Catherine Evans
“Surely this doesn’t apply to me, as my clients aren’t criminals.”
This is heard time and again from advisers and is exactly the wrong way to think about Anti-Money Laundering / Counter Terrorism Financing (AML/CTF).
Australia has been significantly behind the international community on AML legislation for years now, with increased pressure to bring our regime into line being tied to the real risk of grey listing from international trade. This is a large part of why these reforms have moved as quickly as they have.
The laws are now in place and operational, with AUSTRAC’s expectations higher than much of the advice profession has yet appreciated.
Existing reporting entities, including self-licensed advisers, have been operating under the new framework since 31 March 2026.
That deadline has passed, and the next critical date is 1 July 2026. This is when new designated services and new reporting entities come into the regime in full.

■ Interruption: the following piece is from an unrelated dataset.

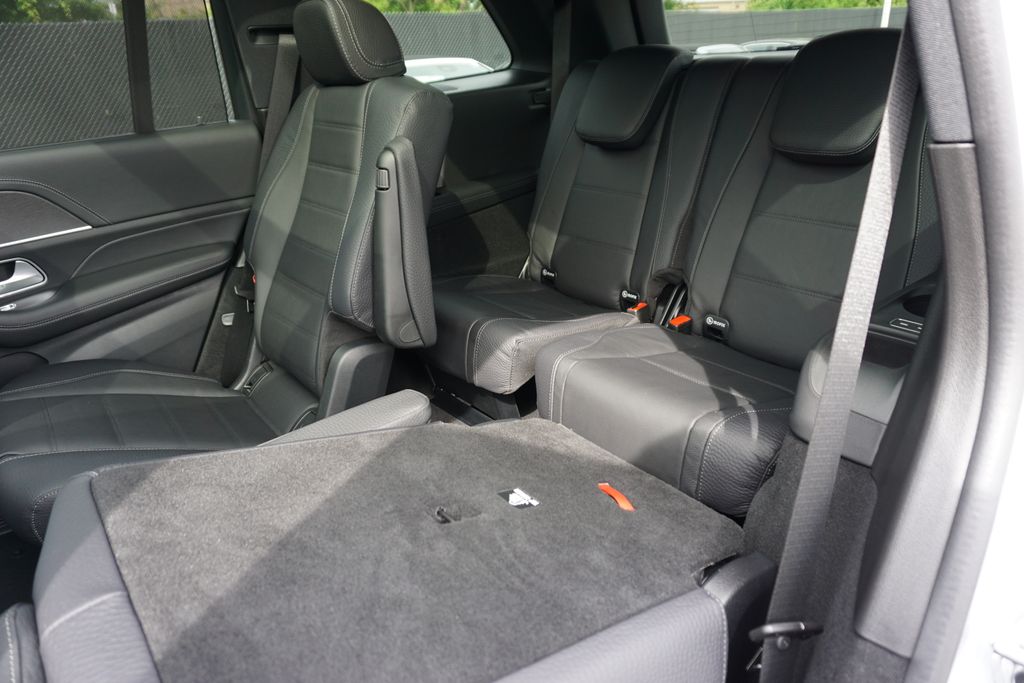 Vehicle image 46 of 81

The starting point is knowing which services are regulated, and this is where most firms underestimate the complexity in its entirety.
The designated services in the legislation are worded broadly, and AUSTRAC’s guidance does not always map neatly to how advice businesses operate. If for example you recommend an SMSF and simply refer the client to their accountant to manage the set up process, you are likely not providing a designated service (the accountant would be). But if you facilitate the set-up process, by completing forms, using a document provider, effectively setting it up for the client or on their behalf, then you almost certainly are.
Similarly, if you hold authority over a client’s account and make payments on their behalf, that is a designated service. And if you provide a registered office address for any client, that is a separate designated service as well.
None of these are unusual arrangements in an advice practice, they are everyday occurrences. And they are precisely the kinds of services this regime is designed to capture.
What has also surprised many integrated practices is the group-level reach of the new laws. This is where an advice business has an associated accounting arm, both entities may be caught and need to be separately enrolled.
Corporate authorised representatives providing any of the new designated services will also be regulated and require enrolment with AUSTRAC, not just the licensee entity. The day of assuming the licensee manages all of this are gone.
Once you’ve determined one or more of your services are regulated, then the obligations are extensive and includes a money laundering and terrorism financing risk assessment, policies and controls, personnel due diligence, training, an internal governance framework, and annual reporting to AUSTRAC.
The most common mistake we see is treating this as a documentation exercise. A policy gets written, filed away, and never touched again. But the framework only works and only holds up under scrutiny when it is embedded in how the business operates.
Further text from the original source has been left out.